REPUBLIKA.CO.ID, BEIRUT -- Paus Fransiskus diagendakan mengunjungi Lebanon pada Juni mendatang. Kunjungannya ke negara yang tengah dilanda krisis tersebut telah lama dinantikan.
"Utusan Apostolik Joseph Spiteri memberi tahu Presiden Michel Aoun bahwa Paus Fransiskus akan mengunjungi Lebanon Juni mendatang," kata kantor kepresidenan Lebanon dalam sebuah pernyataan pada Selasa (5/4/2022), dikutip laman Gulf Today.
Dalam pernyataan itu diungkapkan secara eksplisit bahwa rakyat Lebanon telah menunggu kunjungan Paus Fransiskus. “Rakyat Lebanon menunggu kunjungan ini selama beberapa waktu untuk mengucapkan terima kasih kepada Yang Mulia (Paus Fransiskus) atas dukungannya,” katanya.
Vatikan belum secara resmi mengonfirmasi agenda kunjungan tersebut.
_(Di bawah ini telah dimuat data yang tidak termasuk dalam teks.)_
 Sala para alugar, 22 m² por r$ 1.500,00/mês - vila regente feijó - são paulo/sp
Hal itu biasanya diumumkan menjelang pelaksanaan kunjungan. Lebanon adalah negara dengan mayoritas Muslim. Namun dari total populasi 6,8 juta orang, sepertiga di antaranya beragama Kristen. Hal itu menjadikan Lebanon sebagai rumah bagi salah satu komunitas Kristen terbesar di Timur Tengah.
Paus Fransiskus telah menyampaikan keinginannya mengunjungi Lebanon pada berbagai kesempatan. Dia juga menyuarakan keprihatinan tentang situasi di negara yang kini terhuyung huyung di bawah krisis keuangan dan ekonomi.
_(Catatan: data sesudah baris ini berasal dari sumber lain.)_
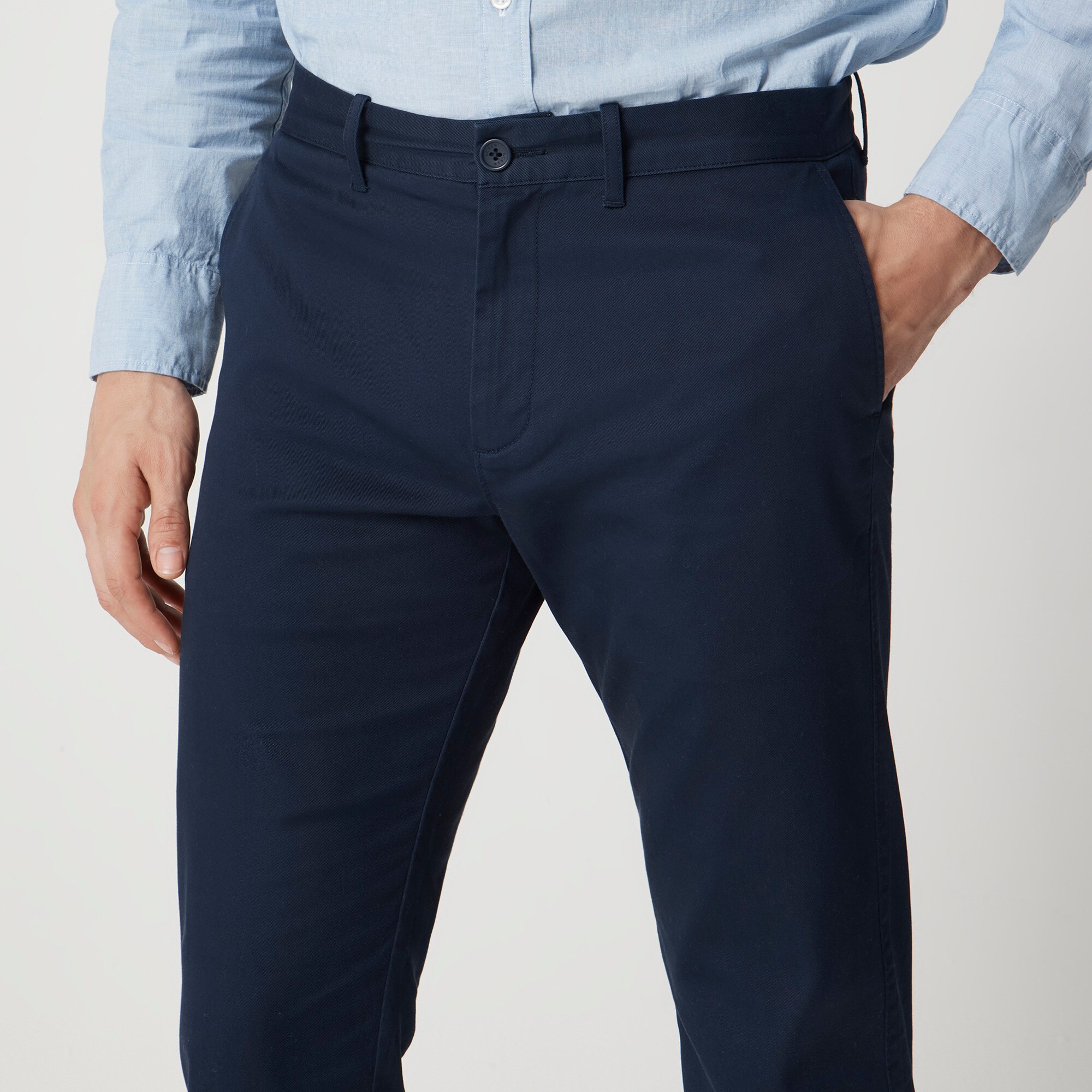 Slim-fit Original Chino Pant For Men | Factory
Awal pekan ini Wakil Perdana Menteri Lebanon Saadeh al-Shami mengatakan, negaranya sudah menghadapi kebangkrutan. “Negara telah bangkrut seperti halnya Banque du Liban (bank sentral Lebanon). Kerugian telah terjadi dan kami akan berusaha mengurangi kerugian rakyat,” kata al-Shami saat diwawancara media lokal Al-Jadeed, dikutip Anadolu Agency, Senin (4/4/2022).
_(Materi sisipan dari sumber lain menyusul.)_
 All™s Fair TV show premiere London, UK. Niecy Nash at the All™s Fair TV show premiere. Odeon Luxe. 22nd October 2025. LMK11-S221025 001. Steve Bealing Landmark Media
Al-Shami menjelaskan, situasi negara “tidak dapat diabaikan”, sehingga penarikan bank tidak dapat dibuka untuk semua orang. “Saya berharap kami berada dalam situasi normal,” ujarnya.
Dia mengungkapkan, kerugian bakal didistribusikan di antara negara bagian, Banque du Liban, bank-bank, dan deposan. “Tidak ada konflik pandangan tentang pembagian kerugian,” ucapnya.
Sejak akhir 2019, Lebanon telah bergulat dengan krisis ekonomi yang parah, termasuk depresiasi mata uang besar-besaran serta minimnya suplai bahan bakar dan medis. Mata uang Lebanon telah kehilangan 90 persen nilainya. Hal itu mengikis kemampuan masyarakat untuk memperoleh kebutuhan dasar, termasuk makanan, air, perawatan kesehatan, dan pendidikan.